Personal information
- Born:: February 25, 1986 (age 39) Mount Vernon, Iowa, U.S.
- Height:: 6 ft 3 in (1.91 m)
- Weight:: 300 lb (136 kg)

Career information
- College:: Iowa
- NFL draft:: 2009: undrafted

Career history
- New York Jets (2009–2011);

Career highlights and awards
- Second-team All-Big Ten (2008);

Career NFL statistics
- Games played:: 6
- Stats at Pro Football Reference

= Matt Kroul =

American football player (born 1986)

Matthew David Kroul (born February 25, 1986) is an American former professional football player who was an offensive guard in the National Football League (NFL). He was signed as an undrafted free agent by the New York Jets in 2009. He played college football for the Iowa Hawkeyes, and high school at Mount Vernon High School.

==Professional career==
Kroul was signed to the Jets' practice squad on December 30, 2010.

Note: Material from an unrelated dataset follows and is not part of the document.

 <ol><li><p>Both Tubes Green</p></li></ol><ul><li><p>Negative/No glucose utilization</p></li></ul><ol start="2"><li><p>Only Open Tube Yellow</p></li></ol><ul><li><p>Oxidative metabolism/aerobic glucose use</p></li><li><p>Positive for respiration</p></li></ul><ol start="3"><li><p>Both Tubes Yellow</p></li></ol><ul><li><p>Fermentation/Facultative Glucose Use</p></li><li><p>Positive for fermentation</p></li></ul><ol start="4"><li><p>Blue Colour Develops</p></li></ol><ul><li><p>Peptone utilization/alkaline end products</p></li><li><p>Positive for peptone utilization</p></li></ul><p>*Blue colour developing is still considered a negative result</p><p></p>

Prior to the 2011 NFL season, the Jets converted Kroul from a defensive lineman to an offensive lineman. He was waived on September 3, 2011. Kroul was signed to the team's practice squad on September 4. He was released on October 25. He was re-signed to the practice squad on October 31. Kroul signed a future/reserve contract with the team on January 3, 2012. On August 31, 2012, he was waived.